Voting works as such:
Each reader (not just writers) can cast three votes, ranking them 1st, 2nd, and 3rd. Feel free to share your thoughts, comments, or brief reviews on the stories as well, since each of the writers worked hard to get their entries up.

Scoring works like this:
1st place: 3 pts
2nd place: 2 pts
3rd place: 1 pt

*When you vote, ensure that you vote in the following format:*
1st Place: Author, Name of Story, 3 pts
and so on.

Unfortunately, to prevent any possible dramas, you cannot vote for your own story. If you cast any votes, you have to cast all three, no picking a single story and nothing more.

Additionally, if you wrote a story, you must vote! As the competition grows, I think it is necessary to point this out. If you enter but do not vote, any votes for your story(ies) will not be counted.

By the end of the voting period, all votes will be tallied and a winner declared.

Once this winner is declared, the winning story will be placed into the Winning HOES thread which has been stickied in this forum. The winning writer will be awarded the Lexicanum's Crest (seen above!) forum award for fiction excellence during the quarterly Awards.

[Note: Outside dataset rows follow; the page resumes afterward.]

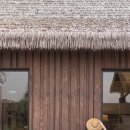 랑카위협재 이미지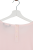4782d0a6cfa77803b08a4850c7f832ae.png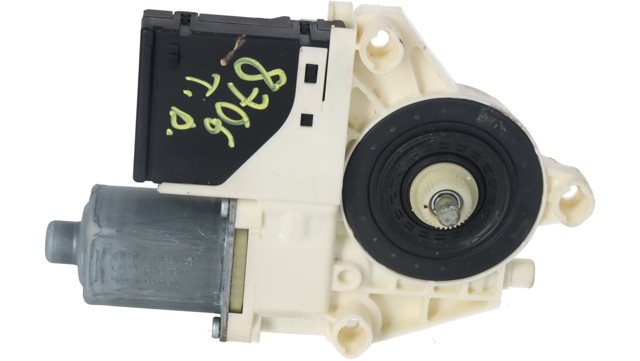 827306548R Renault (RVI)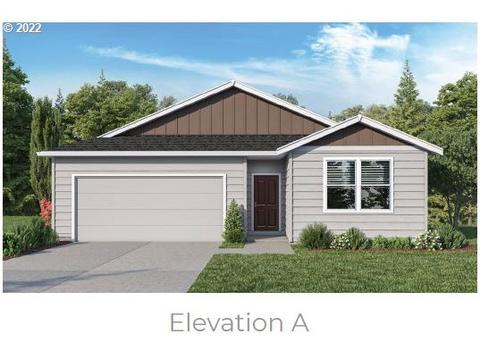 1750 Milo Way, Eugene, OR 97404 photo 1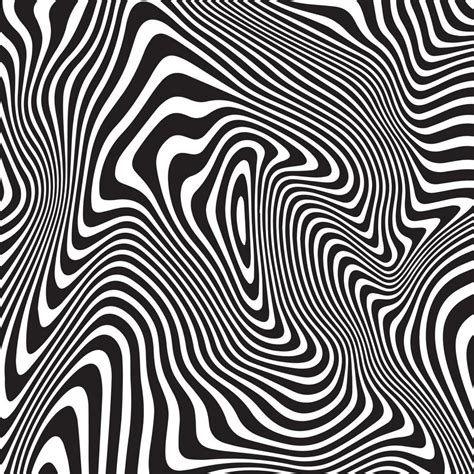 zebra texture . Vector 11168800 Vector Art at Vecteezy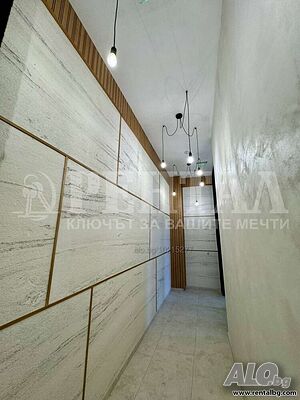 image_14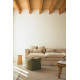 Пуф Kaki and Beige, Pouf 45x45xH45 см, Lorena Canals, HL-P-KBG в детскую комнату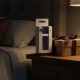 МАЛЕНЬКИЙ СТРУНКИЙ СИЛІКОНОВИЙ АНАЛЬНИЙ СЕКС PLUG ДЛЯ ПОЧАТКІВЦІВ З ПРИСОСКОЮ 10см
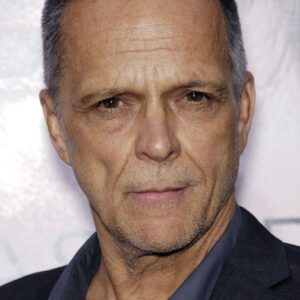 تصویر هنرمند James Russo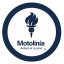 Logo de Motolinia
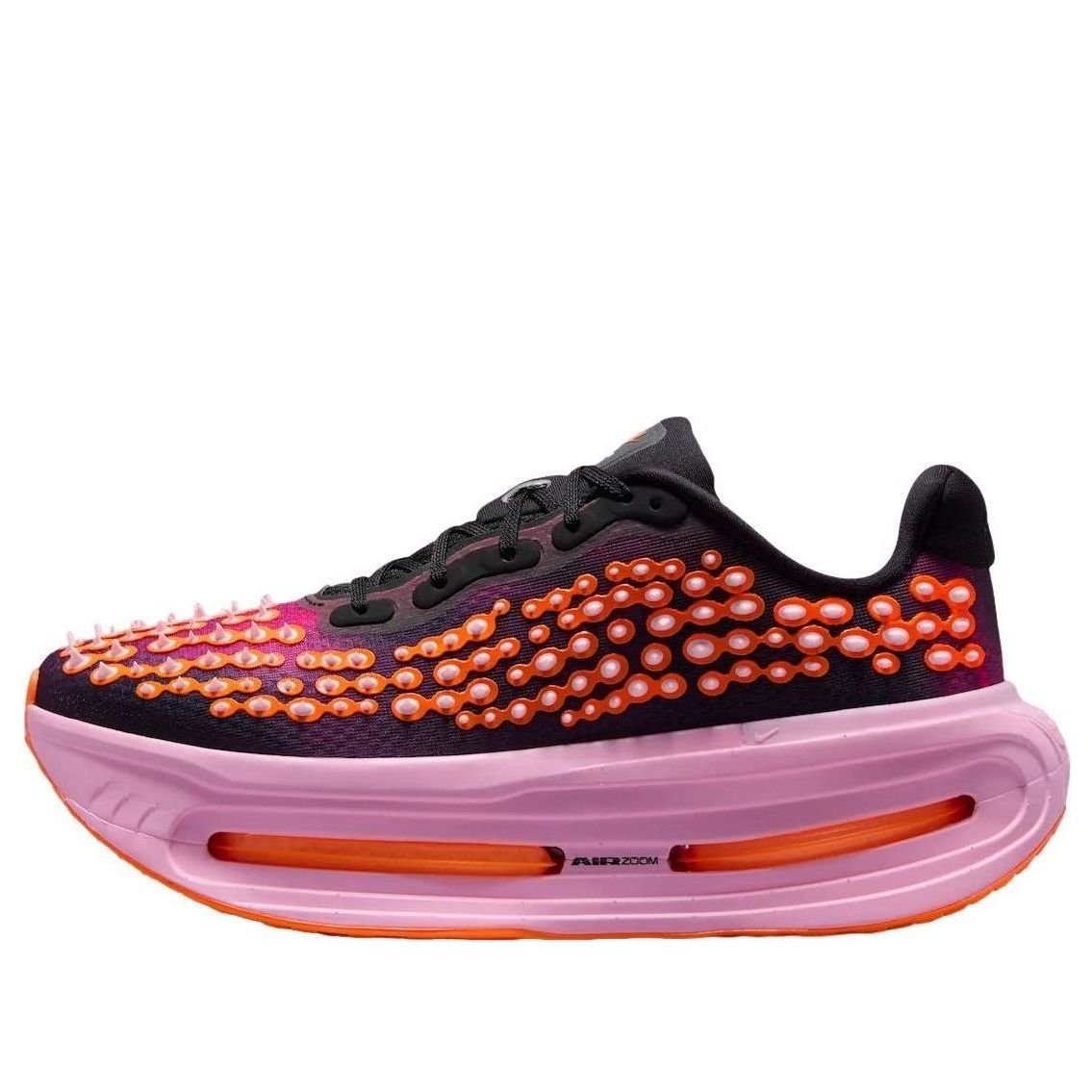 Nike Air Zoom Vomero Premium 'Otaku Approved' IR2168-003
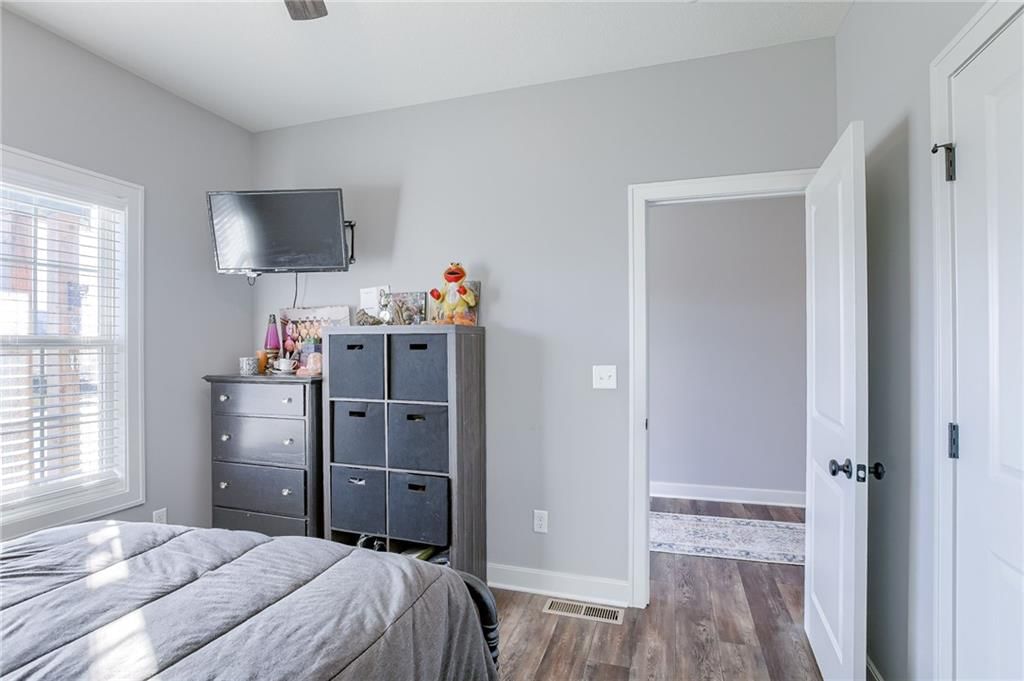 23006 S Ridgeview Drive — photo 24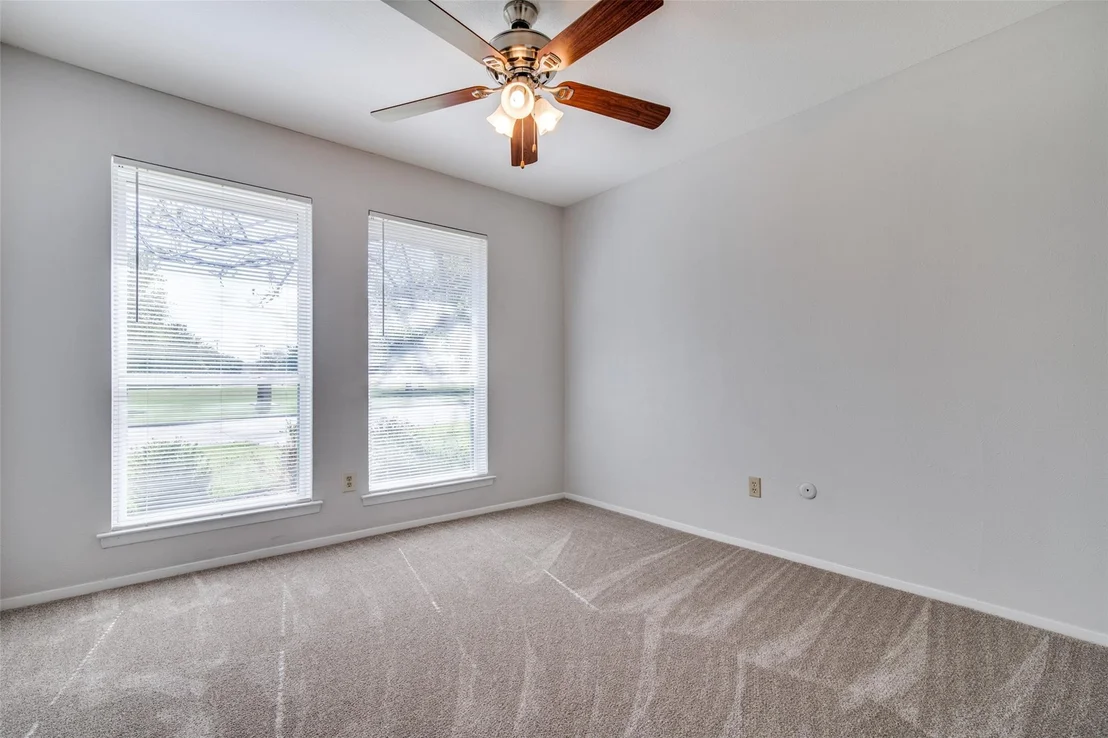 Photo of 2913 Concord Drive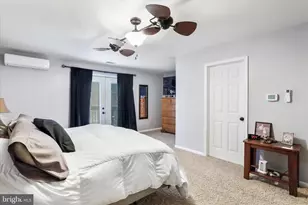 12542 Turkey Farm Rd NE, Little Orleans, MD 21766 - Photo 29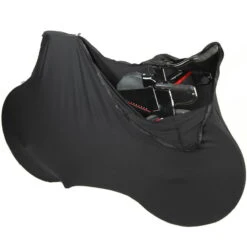 277m Schützling Fahrradüberzug Für Triathlonrad / Zeitfahrrad Größe S-M (Rahmenhöhe 48-54 Cm) -Komponenten Store 59203504 04PYOq9EZR9sWtZ 1280x1280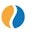 Port Of The Dalles logo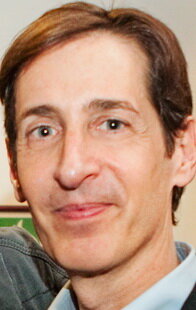 фото Стэн Зиммерман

Just to emphasize again, _you do not need to have written a story to cast your votes!_ The more people that cast their votes, the better!

The deadline for voting will be midnight US Eastern Standard Time *Thursday, 28 February 2013*. At that time this thread will be completed, the winner declared, and the new HOES topic for Competition 13-03 will be posted.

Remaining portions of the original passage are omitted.